Let’s take the presentation medium first. What we have here is Bill Hamilton of the University of Florida eDiscovery Project talking to Ian Campbell, President and CEO of eDiscovery review company iCONECT.
The interview is apparently conducted over Skype or something similar so you can see both of the participants. It includes a short desktop demonstration of relevant iCONECT-XERA functions by Ian Campbell.
Full marks from me for the low-cost way of distributing helpful information to a wide audience.
As to the content, the subject is the need to give discovery of video, audio and other multimedia sources. As Ian Campbell points out, an ever-increasing amount of information is now captured in video and audio form, and a video or audio file is as potentially discoverable / disclosable as any other form of document.
The point Ian Campbell makes is that one needs to be able to review such documents in the same way as one reviews more traditional documents. The files have inherent metadata such as the date, time, and length or size, and one needs to be able to add information such as the names of people involved in the recording, what it is about and what issues it relates to. It needs to be easy for reviewers to code in a way which allows them to refer others, not just to the source itself but to relevant sections in it.

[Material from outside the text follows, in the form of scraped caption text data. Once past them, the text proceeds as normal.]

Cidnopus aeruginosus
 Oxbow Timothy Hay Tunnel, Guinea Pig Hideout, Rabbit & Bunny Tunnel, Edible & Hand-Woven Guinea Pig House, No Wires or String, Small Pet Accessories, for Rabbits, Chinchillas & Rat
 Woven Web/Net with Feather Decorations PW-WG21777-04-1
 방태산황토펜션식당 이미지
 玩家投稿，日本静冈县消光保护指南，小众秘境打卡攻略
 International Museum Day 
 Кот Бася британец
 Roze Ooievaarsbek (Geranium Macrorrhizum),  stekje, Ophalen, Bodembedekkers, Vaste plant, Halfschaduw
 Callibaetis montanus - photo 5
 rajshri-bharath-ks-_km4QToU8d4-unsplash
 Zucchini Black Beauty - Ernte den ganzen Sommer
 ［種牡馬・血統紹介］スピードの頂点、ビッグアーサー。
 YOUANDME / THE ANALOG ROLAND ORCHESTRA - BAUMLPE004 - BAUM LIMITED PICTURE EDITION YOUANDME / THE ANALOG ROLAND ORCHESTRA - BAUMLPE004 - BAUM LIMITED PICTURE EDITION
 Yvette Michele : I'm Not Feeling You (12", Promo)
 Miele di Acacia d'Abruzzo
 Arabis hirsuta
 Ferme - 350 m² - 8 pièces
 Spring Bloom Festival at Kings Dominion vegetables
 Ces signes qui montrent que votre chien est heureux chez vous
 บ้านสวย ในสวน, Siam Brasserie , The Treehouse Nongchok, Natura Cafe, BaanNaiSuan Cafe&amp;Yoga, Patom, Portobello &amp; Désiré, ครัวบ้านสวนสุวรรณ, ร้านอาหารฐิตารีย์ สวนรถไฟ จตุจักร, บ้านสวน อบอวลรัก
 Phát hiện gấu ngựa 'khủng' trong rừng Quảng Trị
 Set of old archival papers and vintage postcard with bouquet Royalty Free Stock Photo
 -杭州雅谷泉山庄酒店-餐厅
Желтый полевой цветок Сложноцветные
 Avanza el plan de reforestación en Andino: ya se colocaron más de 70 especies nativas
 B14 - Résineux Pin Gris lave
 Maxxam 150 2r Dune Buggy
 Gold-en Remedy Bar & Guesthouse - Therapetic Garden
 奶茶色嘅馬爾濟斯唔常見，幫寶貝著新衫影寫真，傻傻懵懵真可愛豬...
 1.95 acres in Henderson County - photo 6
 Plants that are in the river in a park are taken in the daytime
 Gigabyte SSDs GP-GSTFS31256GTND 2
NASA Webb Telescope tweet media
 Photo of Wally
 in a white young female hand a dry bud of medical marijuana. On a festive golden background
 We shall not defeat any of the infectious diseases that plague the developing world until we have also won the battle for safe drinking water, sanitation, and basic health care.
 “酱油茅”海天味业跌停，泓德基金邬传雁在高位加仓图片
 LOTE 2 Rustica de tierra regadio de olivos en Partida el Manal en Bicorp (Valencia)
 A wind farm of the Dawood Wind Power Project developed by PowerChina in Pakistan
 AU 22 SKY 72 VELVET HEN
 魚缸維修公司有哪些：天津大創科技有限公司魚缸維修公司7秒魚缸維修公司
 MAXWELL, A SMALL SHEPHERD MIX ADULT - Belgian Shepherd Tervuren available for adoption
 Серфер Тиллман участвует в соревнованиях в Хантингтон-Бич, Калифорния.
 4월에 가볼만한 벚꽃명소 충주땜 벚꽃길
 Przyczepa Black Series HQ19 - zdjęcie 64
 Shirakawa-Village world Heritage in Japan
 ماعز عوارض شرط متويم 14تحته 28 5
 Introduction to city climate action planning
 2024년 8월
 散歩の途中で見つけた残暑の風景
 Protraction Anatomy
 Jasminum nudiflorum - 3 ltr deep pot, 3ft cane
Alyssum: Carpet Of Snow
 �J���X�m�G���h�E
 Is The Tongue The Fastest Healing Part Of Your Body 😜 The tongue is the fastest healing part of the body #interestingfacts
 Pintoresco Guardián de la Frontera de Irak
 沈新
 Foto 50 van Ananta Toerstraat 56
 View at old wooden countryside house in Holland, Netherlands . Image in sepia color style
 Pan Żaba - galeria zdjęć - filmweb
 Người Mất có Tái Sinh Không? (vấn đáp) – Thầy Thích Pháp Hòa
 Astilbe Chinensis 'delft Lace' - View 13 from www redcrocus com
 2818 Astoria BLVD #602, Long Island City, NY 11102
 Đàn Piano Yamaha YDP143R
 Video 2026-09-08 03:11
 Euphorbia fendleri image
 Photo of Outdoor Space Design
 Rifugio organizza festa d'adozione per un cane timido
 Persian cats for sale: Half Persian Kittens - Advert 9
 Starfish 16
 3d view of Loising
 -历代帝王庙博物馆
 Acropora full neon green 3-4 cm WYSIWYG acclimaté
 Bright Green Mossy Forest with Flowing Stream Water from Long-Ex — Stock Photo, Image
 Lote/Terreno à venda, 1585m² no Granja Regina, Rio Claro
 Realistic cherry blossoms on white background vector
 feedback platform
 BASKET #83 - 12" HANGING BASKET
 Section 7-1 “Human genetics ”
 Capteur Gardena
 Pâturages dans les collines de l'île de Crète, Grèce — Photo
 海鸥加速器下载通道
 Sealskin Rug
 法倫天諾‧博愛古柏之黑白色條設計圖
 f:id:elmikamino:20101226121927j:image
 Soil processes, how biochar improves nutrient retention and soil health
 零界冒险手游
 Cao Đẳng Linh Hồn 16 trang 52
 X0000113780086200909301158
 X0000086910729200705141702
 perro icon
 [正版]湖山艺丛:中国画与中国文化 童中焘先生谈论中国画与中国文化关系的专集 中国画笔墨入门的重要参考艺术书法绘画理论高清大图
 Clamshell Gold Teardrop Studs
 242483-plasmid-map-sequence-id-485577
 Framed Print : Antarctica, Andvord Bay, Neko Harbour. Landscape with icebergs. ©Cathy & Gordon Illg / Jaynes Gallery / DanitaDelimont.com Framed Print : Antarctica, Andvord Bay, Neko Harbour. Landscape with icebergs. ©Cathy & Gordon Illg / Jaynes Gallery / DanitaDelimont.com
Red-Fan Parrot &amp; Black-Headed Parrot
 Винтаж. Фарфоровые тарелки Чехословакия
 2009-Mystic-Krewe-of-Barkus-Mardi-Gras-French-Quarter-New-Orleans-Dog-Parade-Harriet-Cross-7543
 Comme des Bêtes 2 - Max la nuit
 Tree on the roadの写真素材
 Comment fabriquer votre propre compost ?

iCONECT-XERA does this very well – you can read about about its new multimedia features here. Ian Campbell demonstrates this with a short video; he pauses the video on a scene and makes a comment on what is happening at that point; he then sends a link to the file, with the comment, to another reviewer who can go straight to the matter of interest. The comment remains there throughout the course of the review, perhaps supplemented by other comments, and accorded the same level of importance and ease of accessibility as, say, a paragraph in an email.
The same applies, Ian Campbell says, to audio. He shows that it is easy to identify passages where there is silence (in this case at the beginning of the meeting before anybody turns up); that can be excluded from review to save everyone’s time thereafter. A witness might say that the really important bit of a discussion was between 30 and 40 minutes into the meeting, and this can be highlighted and drawn to the attention of others.
Full marks, then, both to iCONECT for the tools and to Ian Campbell and Bill Hamilton for this extremely neat way of giving a demonstration.